The first results represent a cluster with 10 active tasks per agent across 5 frameworks, with no completed tasks. The results from 1,000 - 40,000 agents with 10,000 - 400,000 active tasks:

1.3 - 1.5 Master Failover without Task History Graph

There was a reduction in the time-to-completion of ~80% due to a 450-500% improvement in throughput across 1.3.0 to 1.5.0.

The second results add task history: each agent also now contains 100 completed tasks across 5 completed frameworks. The results from 1,000 - 40,000 agents with 10,000 - 400,000 active tasks and 100,000 - 4,000,000 completed tasks are shown below:

2.3 - 1.5 Master Failover with Task History Graph

This represents a reduction in time-to-completion of ~85% due to a 550-700% improvement in throughput across 1.3.0 to 1.5.0.

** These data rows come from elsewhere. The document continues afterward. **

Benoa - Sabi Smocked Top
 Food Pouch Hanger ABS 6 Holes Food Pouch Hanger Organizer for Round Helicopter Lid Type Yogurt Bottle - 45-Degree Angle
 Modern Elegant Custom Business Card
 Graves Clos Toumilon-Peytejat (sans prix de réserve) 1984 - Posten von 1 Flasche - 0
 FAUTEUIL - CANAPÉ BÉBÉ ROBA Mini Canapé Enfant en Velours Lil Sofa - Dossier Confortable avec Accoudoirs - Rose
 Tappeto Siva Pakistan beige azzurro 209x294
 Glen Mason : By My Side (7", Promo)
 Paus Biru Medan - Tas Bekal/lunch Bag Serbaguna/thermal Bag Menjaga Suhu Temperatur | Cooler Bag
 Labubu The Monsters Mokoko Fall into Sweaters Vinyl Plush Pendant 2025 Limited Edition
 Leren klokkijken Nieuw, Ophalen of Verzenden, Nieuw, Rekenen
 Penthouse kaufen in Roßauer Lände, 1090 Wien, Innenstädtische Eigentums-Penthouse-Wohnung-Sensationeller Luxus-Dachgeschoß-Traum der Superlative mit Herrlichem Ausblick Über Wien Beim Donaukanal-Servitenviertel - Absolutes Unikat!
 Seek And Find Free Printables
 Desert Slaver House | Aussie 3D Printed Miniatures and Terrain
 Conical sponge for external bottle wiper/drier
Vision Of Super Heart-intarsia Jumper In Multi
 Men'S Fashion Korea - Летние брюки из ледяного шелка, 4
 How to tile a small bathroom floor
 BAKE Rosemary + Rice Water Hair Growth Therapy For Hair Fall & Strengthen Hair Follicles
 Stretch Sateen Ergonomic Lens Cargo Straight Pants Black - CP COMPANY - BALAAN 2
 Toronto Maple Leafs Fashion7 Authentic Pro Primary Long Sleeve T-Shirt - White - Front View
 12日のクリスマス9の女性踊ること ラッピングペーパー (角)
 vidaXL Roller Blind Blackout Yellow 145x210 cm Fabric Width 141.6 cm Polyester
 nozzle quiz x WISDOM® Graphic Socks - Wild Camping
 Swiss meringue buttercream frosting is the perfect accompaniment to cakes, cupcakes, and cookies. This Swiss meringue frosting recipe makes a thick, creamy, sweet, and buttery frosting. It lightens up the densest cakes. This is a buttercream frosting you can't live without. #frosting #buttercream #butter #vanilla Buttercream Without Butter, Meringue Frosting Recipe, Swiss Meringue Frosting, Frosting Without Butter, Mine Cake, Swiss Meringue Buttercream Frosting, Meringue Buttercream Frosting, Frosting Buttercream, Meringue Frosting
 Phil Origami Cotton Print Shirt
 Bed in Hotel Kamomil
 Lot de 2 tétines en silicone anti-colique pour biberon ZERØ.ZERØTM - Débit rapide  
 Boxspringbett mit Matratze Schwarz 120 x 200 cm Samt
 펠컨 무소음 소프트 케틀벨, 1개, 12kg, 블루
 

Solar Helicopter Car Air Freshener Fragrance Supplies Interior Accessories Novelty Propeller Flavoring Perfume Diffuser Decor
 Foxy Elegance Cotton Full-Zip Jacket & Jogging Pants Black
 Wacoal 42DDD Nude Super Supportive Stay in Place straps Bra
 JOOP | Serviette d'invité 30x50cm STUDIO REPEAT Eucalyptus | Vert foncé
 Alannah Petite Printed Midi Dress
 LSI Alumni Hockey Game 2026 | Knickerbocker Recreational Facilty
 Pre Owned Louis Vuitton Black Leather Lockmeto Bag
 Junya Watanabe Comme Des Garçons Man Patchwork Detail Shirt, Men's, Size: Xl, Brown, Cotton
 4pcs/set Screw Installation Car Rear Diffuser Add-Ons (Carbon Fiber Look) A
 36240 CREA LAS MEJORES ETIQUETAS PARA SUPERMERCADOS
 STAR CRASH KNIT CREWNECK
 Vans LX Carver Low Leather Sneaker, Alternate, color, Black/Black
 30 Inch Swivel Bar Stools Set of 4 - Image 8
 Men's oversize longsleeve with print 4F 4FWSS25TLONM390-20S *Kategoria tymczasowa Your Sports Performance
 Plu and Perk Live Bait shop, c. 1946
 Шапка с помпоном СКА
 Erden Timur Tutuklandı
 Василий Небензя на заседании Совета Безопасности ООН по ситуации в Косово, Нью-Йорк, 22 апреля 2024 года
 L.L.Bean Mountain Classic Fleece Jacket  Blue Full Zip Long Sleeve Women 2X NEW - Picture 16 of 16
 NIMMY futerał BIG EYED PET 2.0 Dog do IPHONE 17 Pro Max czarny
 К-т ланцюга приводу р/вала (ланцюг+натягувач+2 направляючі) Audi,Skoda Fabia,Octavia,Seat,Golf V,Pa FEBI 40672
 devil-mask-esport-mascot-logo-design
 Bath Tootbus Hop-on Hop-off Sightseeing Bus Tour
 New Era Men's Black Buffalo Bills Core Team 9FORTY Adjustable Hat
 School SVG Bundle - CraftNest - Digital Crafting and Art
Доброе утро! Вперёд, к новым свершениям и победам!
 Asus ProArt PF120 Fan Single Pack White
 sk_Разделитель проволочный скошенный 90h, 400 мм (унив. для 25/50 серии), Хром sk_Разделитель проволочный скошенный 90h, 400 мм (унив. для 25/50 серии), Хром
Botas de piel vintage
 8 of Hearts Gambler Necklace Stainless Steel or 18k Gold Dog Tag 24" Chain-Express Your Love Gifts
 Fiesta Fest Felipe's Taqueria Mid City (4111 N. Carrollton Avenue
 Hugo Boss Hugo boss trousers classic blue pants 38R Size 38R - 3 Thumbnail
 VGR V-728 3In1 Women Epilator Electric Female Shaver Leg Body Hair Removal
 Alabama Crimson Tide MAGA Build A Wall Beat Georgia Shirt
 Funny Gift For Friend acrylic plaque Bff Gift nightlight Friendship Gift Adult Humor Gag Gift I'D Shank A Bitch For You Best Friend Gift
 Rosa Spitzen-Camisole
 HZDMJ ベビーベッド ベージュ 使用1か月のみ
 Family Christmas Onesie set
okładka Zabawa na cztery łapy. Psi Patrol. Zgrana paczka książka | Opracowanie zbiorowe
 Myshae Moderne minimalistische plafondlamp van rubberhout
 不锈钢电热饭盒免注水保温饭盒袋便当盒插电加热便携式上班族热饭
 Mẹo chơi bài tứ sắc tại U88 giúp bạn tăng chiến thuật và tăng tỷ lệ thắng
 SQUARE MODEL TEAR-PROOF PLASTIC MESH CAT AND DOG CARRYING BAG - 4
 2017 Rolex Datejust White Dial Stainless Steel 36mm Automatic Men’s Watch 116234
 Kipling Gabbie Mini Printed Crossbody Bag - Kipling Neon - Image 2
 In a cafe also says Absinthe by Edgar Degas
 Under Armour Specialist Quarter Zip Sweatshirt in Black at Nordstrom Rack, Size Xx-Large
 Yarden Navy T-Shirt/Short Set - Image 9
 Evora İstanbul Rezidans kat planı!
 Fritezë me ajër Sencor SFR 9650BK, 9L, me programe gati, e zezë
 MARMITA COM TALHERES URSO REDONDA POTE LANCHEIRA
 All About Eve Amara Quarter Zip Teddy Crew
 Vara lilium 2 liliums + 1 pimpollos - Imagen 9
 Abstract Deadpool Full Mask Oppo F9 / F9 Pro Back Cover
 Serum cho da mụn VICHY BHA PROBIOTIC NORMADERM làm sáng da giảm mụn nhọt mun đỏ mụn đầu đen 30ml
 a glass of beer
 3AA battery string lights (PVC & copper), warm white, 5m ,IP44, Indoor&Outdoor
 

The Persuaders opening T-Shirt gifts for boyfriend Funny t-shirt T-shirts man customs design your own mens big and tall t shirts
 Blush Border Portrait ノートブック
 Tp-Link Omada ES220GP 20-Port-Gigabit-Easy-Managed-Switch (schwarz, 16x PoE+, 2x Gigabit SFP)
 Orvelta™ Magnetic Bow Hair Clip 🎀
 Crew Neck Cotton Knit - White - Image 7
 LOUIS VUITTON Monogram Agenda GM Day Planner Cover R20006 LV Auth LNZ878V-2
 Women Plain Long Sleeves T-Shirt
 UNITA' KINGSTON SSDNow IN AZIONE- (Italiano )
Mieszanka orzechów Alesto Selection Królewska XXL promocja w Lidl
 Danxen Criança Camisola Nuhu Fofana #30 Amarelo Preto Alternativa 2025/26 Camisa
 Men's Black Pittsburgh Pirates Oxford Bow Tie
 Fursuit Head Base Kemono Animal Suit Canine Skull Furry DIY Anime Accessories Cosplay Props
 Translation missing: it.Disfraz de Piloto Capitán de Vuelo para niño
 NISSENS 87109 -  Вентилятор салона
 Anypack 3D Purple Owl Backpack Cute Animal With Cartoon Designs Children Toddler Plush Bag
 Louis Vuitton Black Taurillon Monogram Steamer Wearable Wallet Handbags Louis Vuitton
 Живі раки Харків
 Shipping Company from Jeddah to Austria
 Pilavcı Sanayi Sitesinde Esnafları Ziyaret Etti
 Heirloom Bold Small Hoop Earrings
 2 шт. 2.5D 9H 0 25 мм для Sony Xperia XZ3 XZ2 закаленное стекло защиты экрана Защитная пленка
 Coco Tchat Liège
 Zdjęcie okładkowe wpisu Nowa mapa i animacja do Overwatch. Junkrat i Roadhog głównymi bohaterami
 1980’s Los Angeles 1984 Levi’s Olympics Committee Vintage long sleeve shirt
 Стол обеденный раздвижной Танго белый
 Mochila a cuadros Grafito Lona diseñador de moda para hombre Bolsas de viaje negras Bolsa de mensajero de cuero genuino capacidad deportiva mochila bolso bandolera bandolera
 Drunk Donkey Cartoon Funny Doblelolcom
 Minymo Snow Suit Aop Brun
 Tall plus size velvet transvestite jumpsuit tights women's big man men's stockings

Performance Working Group Roadmap

We’re currently targeting the following areas for improvements:

  • Performance of the v1 API: Currently the v1 API can be significantly slower than the v0 API. We would like to reach parity, and ideally surpass the performance of the v0 API.
    • Libprocess HTTP performance: This will be undertaken as part of improving the v1 API performance, since it is HTTP-based.
  • Master state API performance: Currently, API queries of the master’s state are serviced by the same master actor that processes all of the messages from schedulers and agents. Since the query processing can block the master from processing other events, users need to be careful not to query the master excessively. In practice, the master gets queried quite heavily due to the presence of several tools that rely on the master’s state (e.g. DNS tooling, UIs, CLIs, etc) and so this is a critical problem for users. This effort will leverage the state streaming API to stream the state to a different actor that can serve the state API requests. This will ensure that expensive state queries do not affect the master’s ability to process events.